[The data]:

============

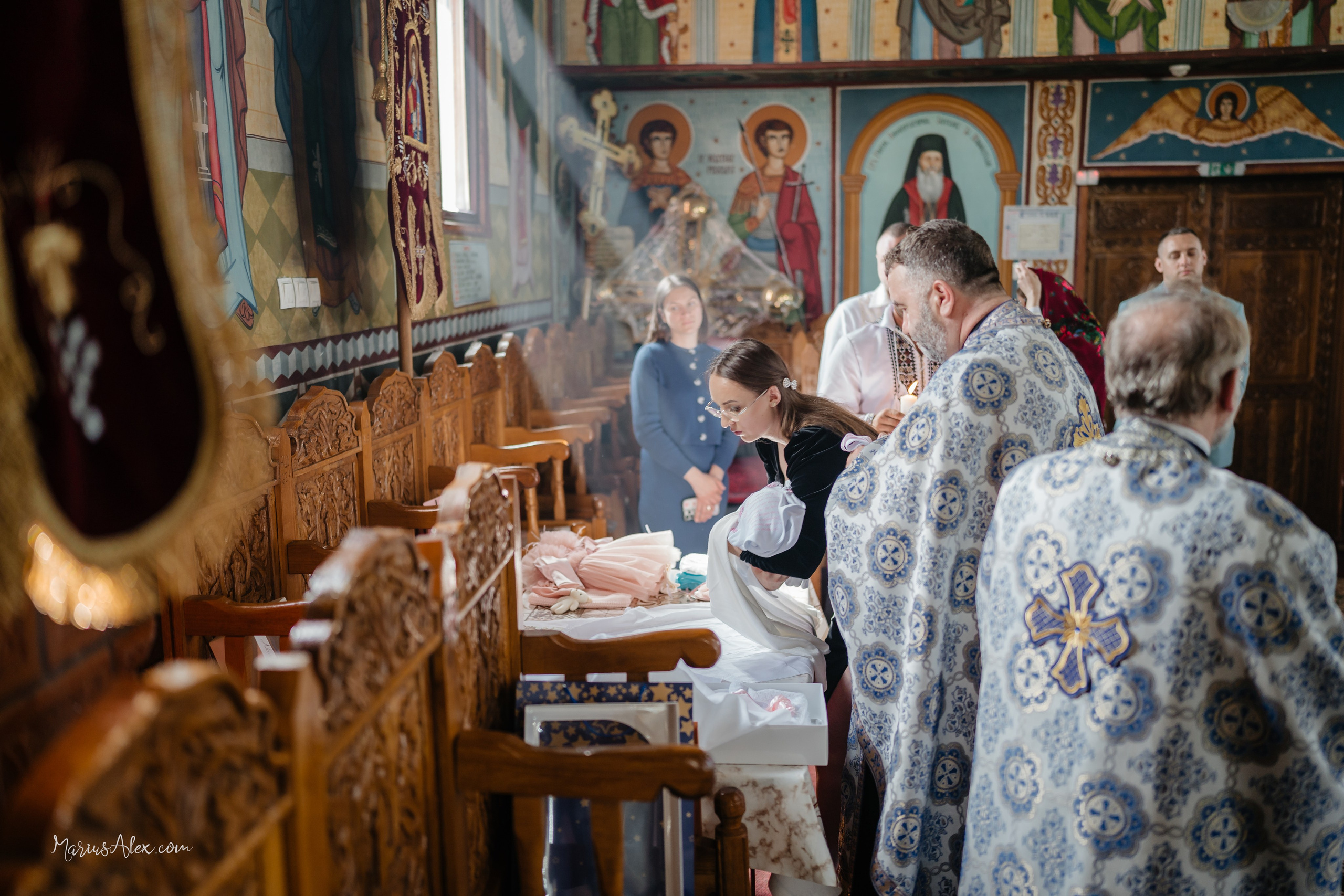 Botezul micutei Iasmina Antonia. Marius Alex fotograf de eveniment si portret din Suceava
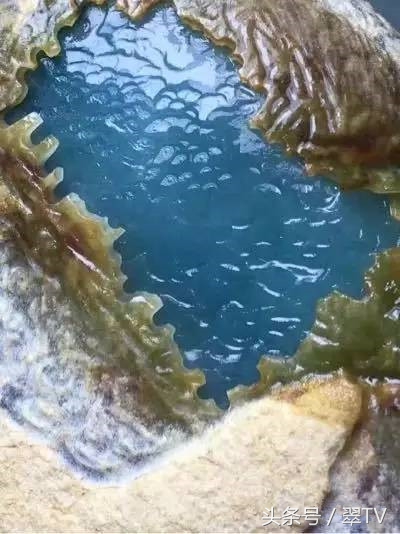 翡翠开窗赌石有假吗,翡翠赌石开窗图片大全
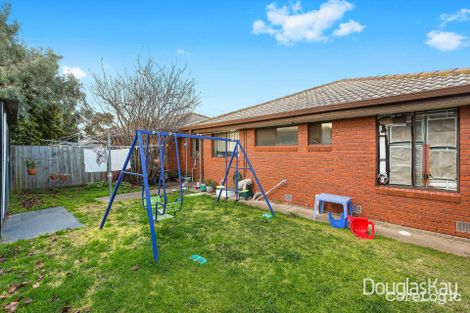 Property photo of 2/2-4 Lincoln Street Sunshine North VIC 3020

============

[Work required]: Repeat the line containing "翡翠开窗赌石有假吗,翡翠赌石开窗图片大全" and every line after it up to the end of the material above, exactly as they stand, minus the pictures.

[Written solution]:
 翡翠开窗赌石有假吗,翡翠赌石开窗图片大全
 Property photo of 2/2-4 Lincoln Street Sunshine North VIC 3020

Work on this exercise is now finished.